3:00 PM Sunday, October 13, 2019. Phyllis Alpert Lehrer will lead the celebrations of our 30th anniversary by reenacting her inaugural 1989 gala performance of Mozart and Debussy. She has performed, taught and given workshops throughout the US, in Europe, Canada, Asia and Central America. Ms. Lehrer was Professor of Piano and Pedagogy at Westminster Choir College of Rider University and continues to teach at the Westminster Conservatory. She has over 30 publications, and her recordings include CD’s with duo partner Ena Bronstein Barton. Ms. Lehrer received the 2019 Westminster Merit Award given by the Westminster Alumni.

3:00 PM Sunday, November 10, 2019. Pianist, educator, and presenter Cristina Altamura made her European debut in 1997 with the Bucharest Philharmonic leading to her appointment as Principal Soloist of the State Philharmonic of Romania from 1999-2003. She has performed at Carnegie Hall, the Kennedy Center, Lincoln Center’s Mostly Mozart Festival, Alice Tully Hall and in Europe, the US and Canada. In 2017, Cristina founded Legacy Arts International, a non-profit platform through which she can preserve and share the musical knowledge of important living artists. She is compiling programs for keyboard technology developed by Princeton composer/inventor, Dan Trueman. Her program will feature works by Frescobaldi, Debussy, Schumann and Chopin.

3:00 PM Sunday, January 12, 2020, Jenny Lin. Ms. Lin has been acclaimed for her “remarkable technical command” and “a gift for melodic flow” by The New York Times. The Washington Post praises “Lin’s confident fingers… spectacular technique… “, “…surely one of the most interesting pianists in America right now…” and Gramophone magazine has hailed her as “an exceptionally sensitive pianist”. She has performed in Carnegie Hall, Avery Fisher Hall, Kennedy Center, Lincoln Center’s Great Performers, and since 2000, her discography includes more than 30 recordings on Steinway & Sons, Hänssler Classic, eOne, BIS, New World and Albany Records. Her program will feature solo works by Liszt, Kapustin, and Philip Glass.

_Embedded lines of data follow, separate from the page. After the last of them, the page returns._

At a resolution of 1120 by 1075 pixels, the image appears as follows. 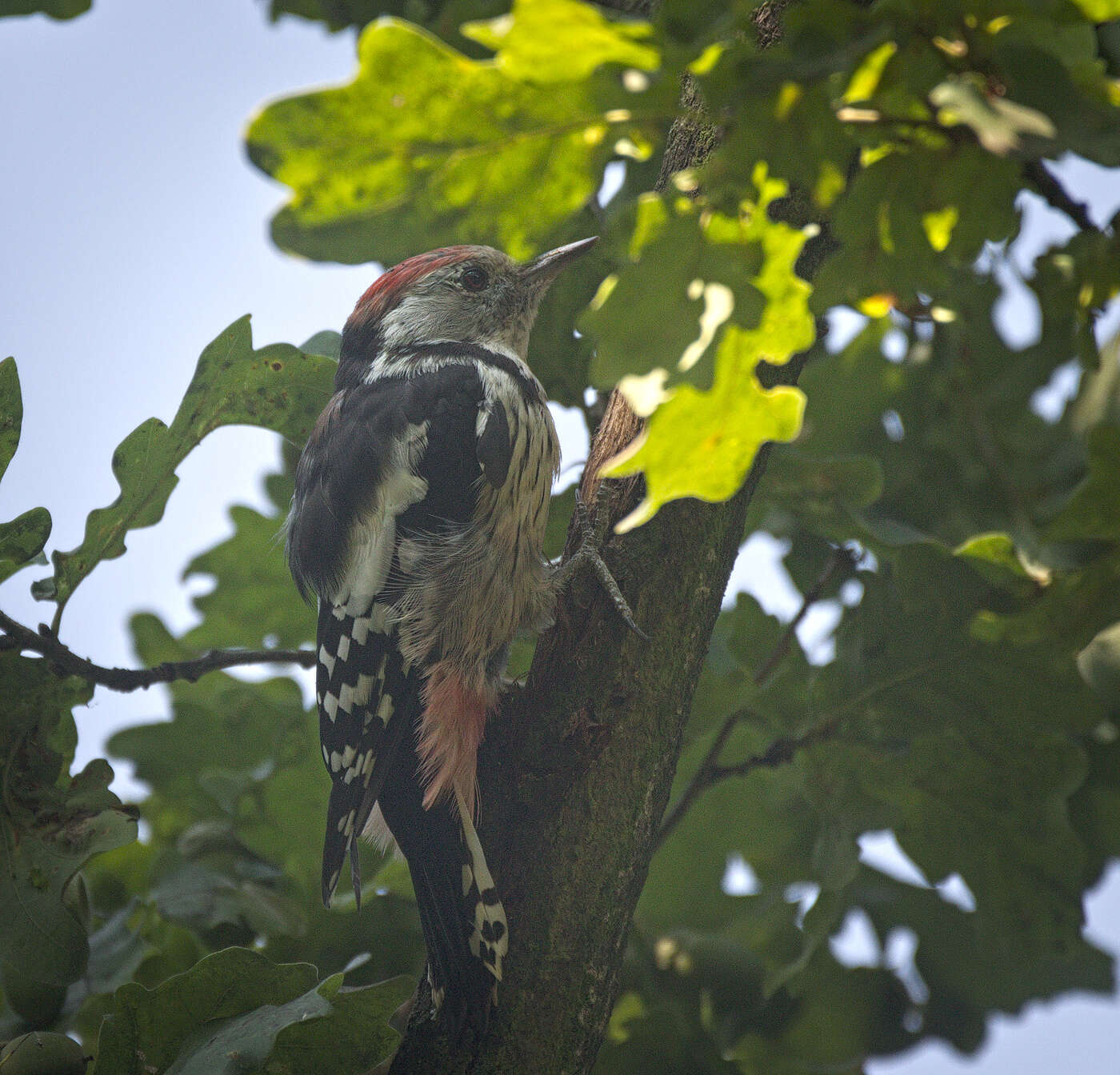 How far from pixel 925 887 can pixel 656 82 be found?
2191 millimetres

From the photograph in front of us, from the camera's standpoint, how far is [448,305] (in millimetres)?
3342

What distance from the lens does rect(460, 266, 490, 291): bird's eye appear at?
10.9ft

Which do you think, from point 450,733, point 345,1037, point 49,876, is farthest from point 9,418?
point 345,1037

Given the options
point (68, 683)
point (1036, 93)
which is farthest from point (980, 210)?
point (68, 683)

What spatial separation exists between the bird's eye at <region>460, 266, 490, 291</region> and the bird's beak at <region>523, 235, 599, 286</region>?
0.50 ft

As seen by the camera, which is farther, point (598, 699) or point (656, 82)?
point (598, 699)

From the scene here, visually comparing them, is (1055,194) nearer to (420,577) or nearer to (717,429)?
(717,429)

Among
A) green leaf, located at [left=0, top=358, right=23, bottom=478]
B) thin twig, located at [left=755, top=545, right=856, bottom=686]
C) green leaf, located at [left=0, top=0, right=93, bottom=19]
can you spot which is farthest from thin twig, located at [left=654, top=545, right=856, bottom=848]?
green leaf, located at [left=0, top=0, right=93, bottom=19]

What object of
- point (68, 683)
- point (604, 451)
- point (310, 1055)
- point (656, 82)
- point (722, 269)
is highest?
point (656, 82)

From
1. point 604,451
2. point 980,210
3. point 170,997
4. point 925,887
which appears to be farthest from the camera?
point 925,887

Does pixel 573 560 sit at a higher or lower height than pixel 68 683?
higher

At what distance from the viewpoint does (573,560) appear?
2.09 meters

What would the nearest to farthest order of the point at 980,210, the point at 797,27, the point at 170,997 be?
1. the point at 797,27
2. the point at 980,210
3. the point at 170,997

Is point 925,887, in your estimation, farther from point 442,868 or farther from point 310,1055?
point 310,1055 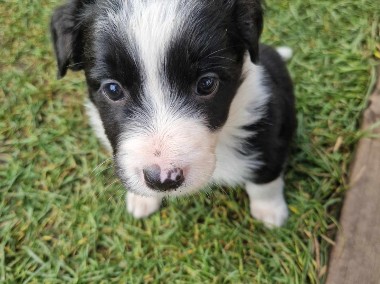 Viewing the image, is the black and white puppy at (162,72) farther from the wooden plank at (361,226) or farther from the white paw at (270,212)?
the wooden plank at (361,226)

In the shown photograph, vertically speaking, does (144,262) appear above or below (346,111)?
below

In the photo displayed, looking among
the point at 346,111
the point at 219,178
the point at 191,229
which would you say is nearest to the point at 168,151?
the point at 219,178

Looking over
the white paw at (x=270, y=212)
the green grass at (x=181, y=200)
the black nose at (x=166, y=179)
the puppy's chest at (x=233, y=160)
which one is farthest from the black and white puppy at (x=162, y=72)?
the green grass at (x=181, y=200)

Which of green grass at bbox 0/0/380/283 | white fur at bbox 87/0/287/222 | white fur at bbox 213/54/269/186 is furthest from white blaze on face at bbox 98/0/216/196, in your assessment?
green grass at bbox 0/0/380/283

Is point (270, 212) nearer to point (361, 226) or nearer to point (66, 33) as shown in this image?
point (361, 226)

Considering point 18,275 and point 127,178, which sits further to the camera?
point 18,275

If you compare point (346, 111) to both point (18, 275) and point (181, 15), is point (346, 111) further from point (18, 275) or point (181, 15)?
point (18, 275)

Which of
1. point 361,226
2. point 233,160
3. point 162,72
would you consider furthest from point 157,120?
point 361,226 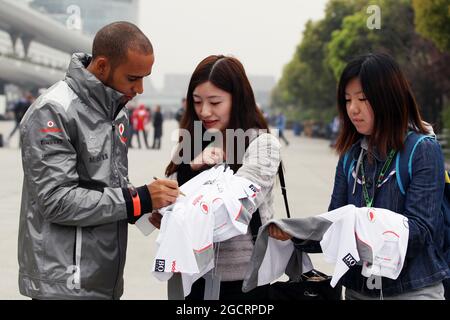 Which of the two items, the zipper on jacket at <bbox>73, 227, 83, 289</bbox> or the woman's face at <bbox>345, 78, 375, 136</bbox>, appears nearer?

3:00 PM Sunday, February 9, 2020. Active as soloist and collaborative pianist, Charl Louw has appeared in recitals and with orchestras in the US and South Africa. He has been finalist and top-prize winner in national and international piano competitions and the recipient of prestigious awards in both performing and teaching. Dr. Louw is currently on the faculty of The New School for Music Study and also serves as the Missouri Music Teachers Association Collegiate Honors Auditions Chair. He has presented lectures and master classes in South Africa and the US and completed his Doctor of Musical Arts Degree from the University of Missouri, Kansas City. His program will celebrate Beethoven’s 250th anniversary, and J.S. Bach.

3:00 PM Sunday, March 8, 2020. Sylvie Webb holds a Gold Medal in piano from the Conservatoire National de St. Germain-en-Laye, France. Among her solo and chamber music performances she has appeared as soloist with the Princeton Symphony Orchestra, the Westminster Community Orchestra, and the Manalapan-Battleground Symphony. In 2007 she made her debut as soloist at the Grand Theater in Shanghai. On the faculty of Westminster Conservatory since 1993, she maintains a private studio in Princeton. Her program will feature works by Mozart, Brahms, Franck, and Ravel.